= Carta Testamento =

1954 letter by Getúlio Vargas before his suicide

The Carta Testamento (/pt-BR/, lit. 'Testament Letter') is a letter written by former Brazilian president Getúlio Vargas to the people of Brazil before his suicide. It is considered to be among the defining documents of 20th century Brazilian history. His letter read: "Nothing remains except my blood. I gave you my life, now I give you my death. I choose this way to defend you, for my soul will be with you, my name shall be a flag for your struggle.(...) Serenely, I take my first step on the road to eternity and I leave life to enter History."

==Background==
On the night of 24 August 1954, president Vargas was thought to be partly responsible for the Rua Tonelero shooting, an assassination attempt against Carlos Lacerda, who was a leading voice opposing Vargas' policies. The suspicion was supported by the Brazilian Armed Forces and a sizeable portion of the public.

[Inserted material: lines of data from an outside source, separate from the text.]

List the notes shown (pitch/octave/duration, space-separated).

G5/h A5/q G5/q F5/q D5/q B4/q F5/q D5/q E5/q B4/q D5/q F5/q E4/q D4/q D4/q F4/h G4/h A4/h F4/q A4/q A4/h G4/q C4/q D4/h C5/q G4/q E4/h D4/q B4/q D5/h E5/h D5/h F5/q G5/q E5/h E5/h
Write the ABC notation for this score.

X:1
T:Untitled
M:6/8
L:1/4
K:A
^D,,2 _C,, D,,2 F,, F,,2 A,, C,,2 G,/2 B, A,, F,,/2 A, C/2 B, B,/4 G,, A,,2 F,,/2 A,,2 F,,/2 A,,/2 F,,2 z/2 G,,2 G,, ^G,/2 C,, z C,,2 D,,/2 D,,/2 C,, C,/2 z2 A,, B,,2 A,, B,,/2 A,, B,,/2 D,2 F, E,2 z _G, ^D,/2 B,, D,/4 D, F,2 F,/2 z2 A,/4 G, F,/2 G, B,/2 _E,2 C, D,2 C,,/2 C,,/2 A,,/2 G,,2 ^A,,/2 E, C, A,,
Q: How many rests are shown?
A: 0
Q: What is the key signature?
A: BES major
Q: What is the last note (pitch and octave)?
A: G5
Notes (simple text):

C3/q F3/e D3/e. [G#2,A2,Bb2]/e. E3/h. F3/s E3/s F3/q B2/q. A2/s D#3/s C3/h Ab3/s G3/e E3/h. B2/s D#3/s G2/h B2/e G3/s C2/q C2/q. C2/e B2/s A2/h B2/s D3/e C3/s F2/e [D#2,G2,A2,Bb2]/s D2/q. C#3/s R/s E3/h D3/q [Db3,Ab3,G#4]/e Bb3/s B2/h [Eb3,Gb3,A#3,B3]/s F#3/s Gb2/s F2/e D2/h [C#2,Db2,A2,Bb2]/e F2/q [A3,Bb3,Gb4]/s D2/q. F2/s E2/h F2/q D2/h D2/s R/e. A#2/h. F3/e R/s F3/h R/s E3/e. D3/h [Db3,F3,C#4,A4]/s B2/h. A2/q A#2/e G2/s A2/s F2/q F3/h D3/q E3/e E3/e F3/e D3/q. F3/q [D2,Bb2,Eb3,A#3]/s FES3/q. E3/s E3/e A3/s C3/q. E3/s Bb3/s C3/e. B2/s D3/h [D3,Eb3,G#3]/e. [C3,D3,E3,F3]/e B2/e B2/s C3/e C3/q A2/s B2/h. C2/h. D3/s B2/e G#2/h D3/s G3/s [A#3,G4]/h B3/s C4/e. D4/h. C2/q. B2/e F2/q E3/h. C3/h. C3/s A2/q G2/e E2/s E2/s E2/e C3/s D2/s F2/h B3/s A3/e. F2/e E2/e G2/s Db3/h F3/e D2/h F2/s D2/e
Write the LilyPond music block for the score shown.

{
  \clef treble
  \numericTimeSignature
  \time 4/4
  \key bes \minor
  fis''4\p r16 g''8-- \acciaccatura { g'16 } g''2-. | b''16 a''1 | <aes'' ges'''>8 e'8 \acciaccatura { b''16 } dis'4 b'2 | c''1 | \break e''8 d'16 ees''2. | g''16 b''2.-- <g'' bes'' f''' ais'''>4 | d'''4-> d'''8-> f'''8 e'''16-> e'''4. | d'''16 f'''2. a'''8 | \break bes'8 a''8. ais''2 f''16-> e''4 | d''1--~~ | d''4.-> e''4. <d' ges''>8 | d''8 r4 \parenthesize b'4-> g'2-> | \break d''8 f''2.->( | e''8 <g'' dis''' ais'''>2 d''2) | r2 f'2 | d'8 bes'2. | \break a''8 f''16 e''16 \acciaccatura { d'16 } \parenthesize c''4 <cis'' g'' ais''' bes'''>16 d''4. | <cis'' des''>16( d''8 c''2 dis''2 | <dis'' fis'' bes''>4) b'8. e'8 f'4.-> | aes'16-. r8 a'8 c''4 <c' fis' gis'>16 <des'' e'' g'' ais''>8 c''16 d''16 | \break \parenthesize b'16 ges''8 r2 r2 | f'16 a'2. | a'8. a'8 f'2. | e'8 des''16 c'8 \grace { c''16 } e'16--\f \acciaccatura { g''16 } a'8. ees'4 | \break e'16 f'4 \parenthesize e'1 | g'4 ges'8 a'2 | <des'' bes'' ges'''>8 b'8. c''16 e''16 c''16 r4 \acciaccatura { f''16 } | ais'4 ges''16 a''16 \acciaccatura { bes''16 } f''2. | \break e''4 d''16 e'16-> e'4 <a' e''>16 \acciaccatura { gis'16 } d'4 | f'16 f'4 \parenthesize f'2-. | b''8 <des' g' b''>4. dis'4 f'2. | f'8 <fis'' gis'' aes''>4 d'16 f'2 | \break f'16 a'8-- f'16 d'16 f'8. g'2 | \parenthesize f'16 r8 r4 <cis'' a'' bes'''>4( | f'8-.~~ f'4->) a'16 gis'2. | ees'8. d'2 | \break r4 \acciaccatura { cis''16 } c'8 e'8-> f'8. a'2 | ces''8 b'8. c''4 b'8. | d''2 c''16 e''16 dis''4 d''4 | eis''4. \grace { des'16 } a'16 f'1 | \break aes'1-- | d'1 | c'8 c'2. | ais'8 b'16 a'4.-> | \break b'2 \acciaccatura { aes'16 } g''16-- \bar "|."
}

Upon receiving an ultimatum from the military demanding his resignation, Vargas went from his office into his bedroom and shot himself. He left a note, which was subsequently read to the crowds who had gathered at the presidential residence to demand his resignation, and over radio within an hour. The response was a spontaneous eruption of a supportive chant: "Getúlio, Getúlio! We want Getúlio!"